## What you are asked to do
An exact copy of every entry below is required, and no picture may appear in it.

## Records for this exercise
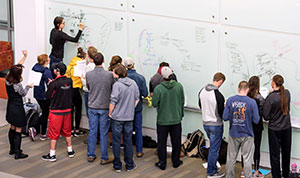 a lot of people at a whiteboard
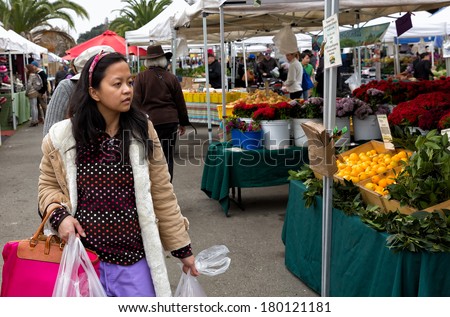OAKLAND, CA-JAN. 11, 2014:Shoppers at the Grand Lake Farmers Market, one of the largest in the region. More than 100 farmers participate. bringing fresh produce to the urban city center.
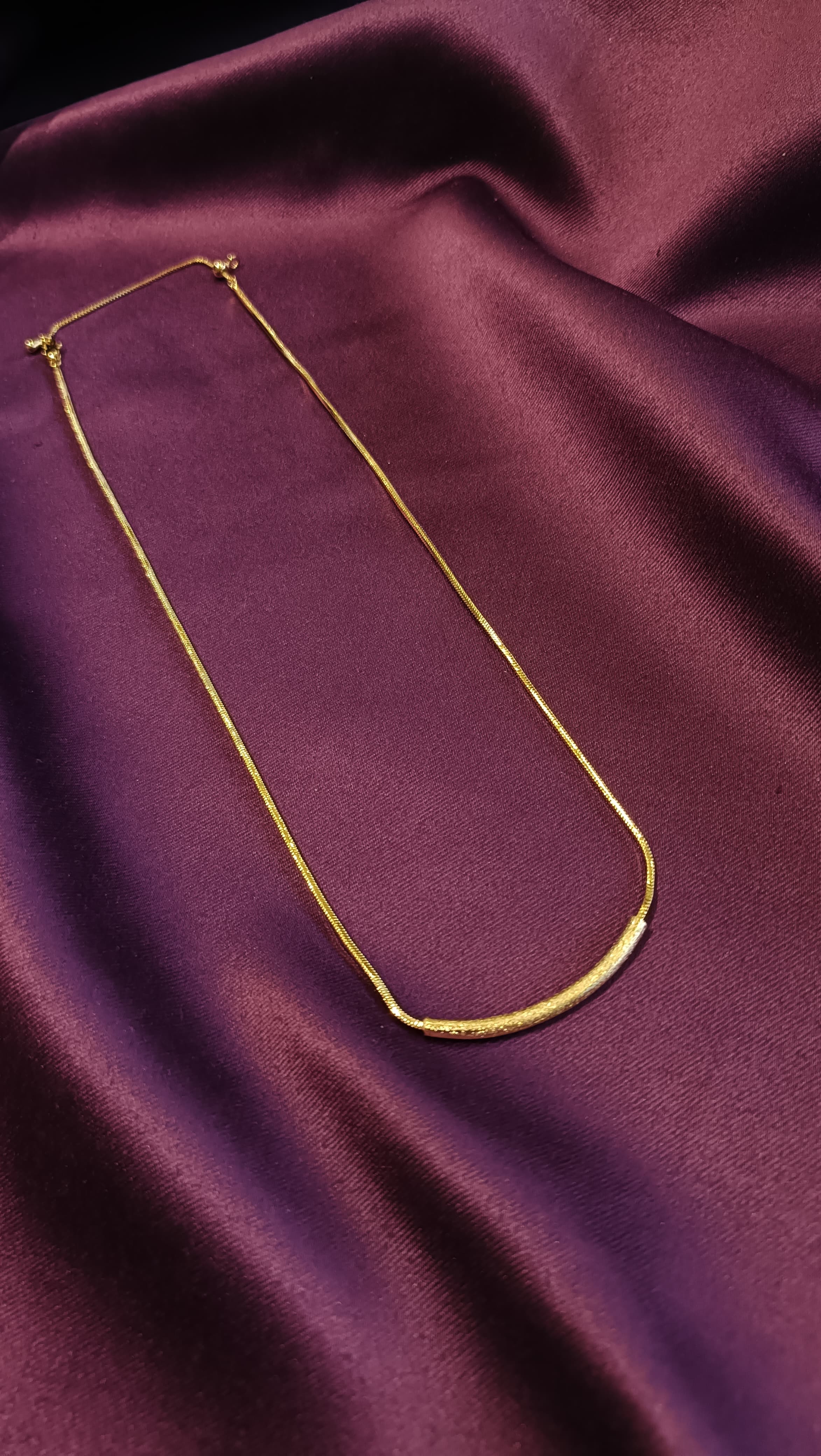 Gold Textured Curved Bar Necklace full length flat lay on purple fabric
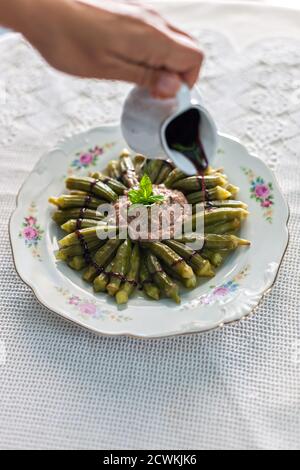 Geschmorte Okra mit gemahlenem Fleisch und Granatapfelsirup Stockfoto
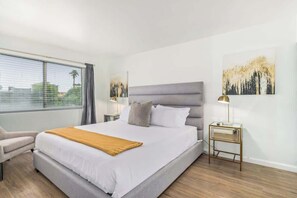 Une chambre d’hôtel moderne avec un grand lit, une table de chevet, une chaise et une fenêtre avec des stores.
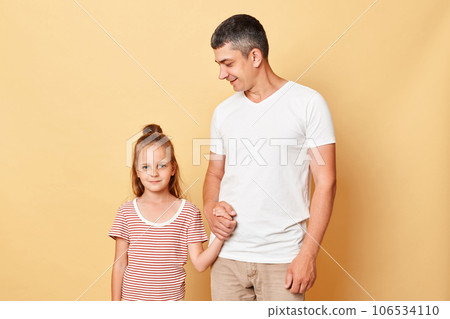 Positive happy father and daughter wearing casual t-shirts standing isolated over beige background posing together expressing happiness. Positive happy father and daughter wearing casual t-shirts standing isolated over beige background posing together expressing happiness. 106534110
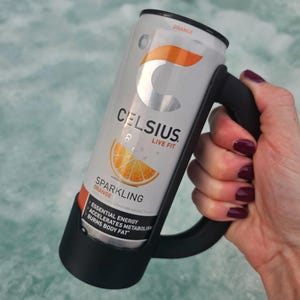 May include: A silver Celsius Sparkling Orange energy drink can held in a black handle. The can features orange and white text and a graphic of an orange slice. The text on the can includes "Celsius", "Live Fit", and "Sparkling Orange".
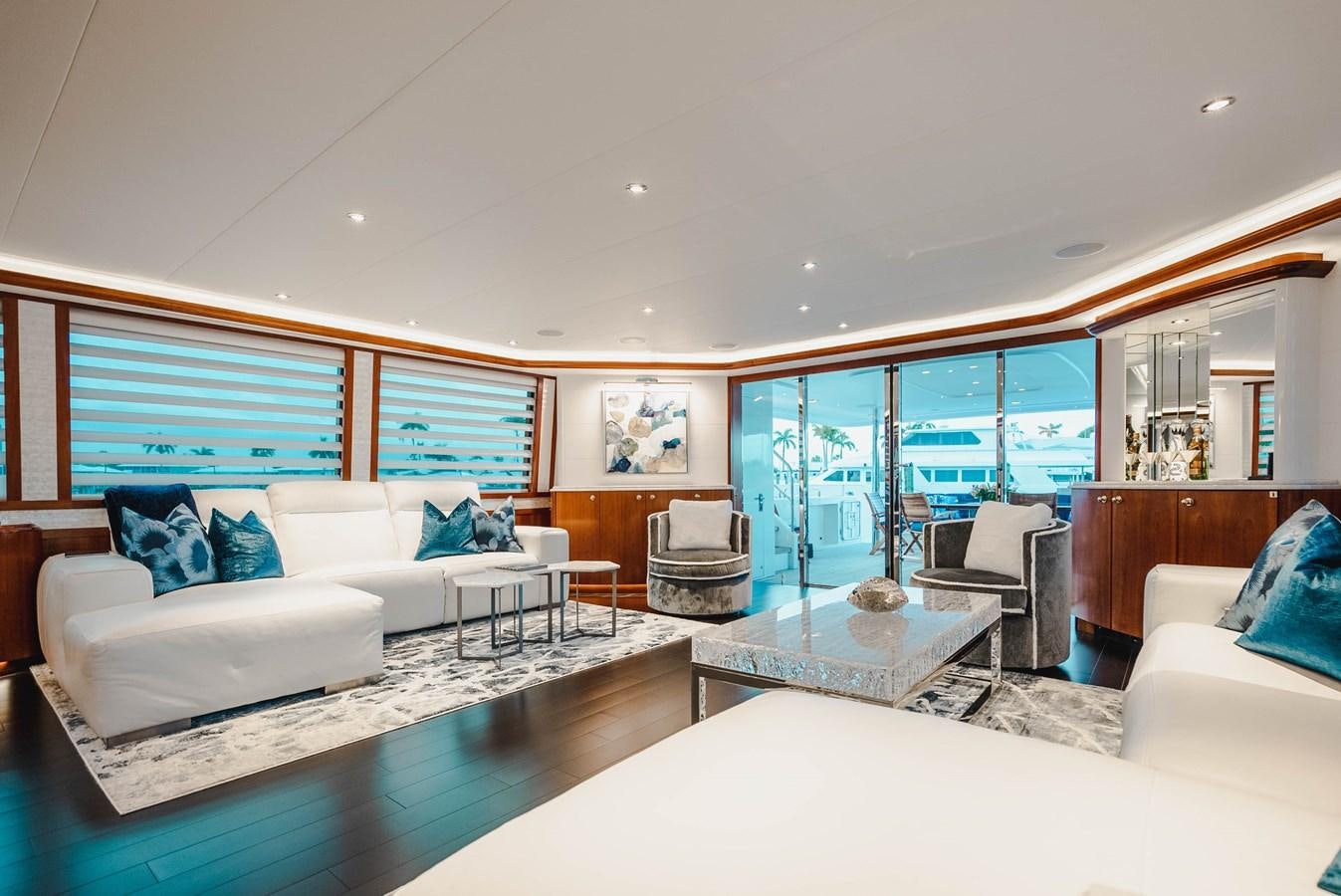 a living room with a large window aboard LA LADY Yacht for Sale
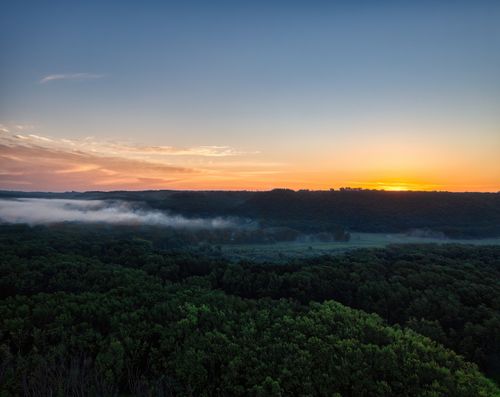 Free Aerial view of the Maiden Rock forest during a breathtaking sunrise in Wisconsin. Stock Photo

## Solution to the exercise
 a lot of people at a whiteboard
OAKLAND, CA-JAN. 11, 2014:Shoppers at the Grand Lake Farmers Market, one of the largest in the region. More than 100 farmers participate. bringing fresh produce to the urban city center.
 Gold Textured Curved Bar Necklace full length flat lay on purple fabric
 Geschmorte Okra mit gemahlenem Fleisch und Granatapfelsirup Stockfoto
 Une chambre d’hôtel moderne avec un grand lit, une table de chevet, une chaise et une fenêtre avec des stores.
 Positive happy father and daughter wearing casual t-shirts standing isolated over beige background posing together expressing happiness. Positive happy father and daughter wearing casual t-shirts standing isolated over beige background posing together expressing happiness. 106534110
 May include: A silver Celsius Sparkling Orange energy drink can held in a black handle. The can features orange and white text and a graphic of an orange slice. The text on the can includes "Celsius", "Live Fit", and "Sparkling Orange".
 a living room with a large window aboard LA LADY Yacht for Sale
 Free Aerial view of the Maiden Rock forest during a breathtaking sunrise in Wisconsin. Stock Photo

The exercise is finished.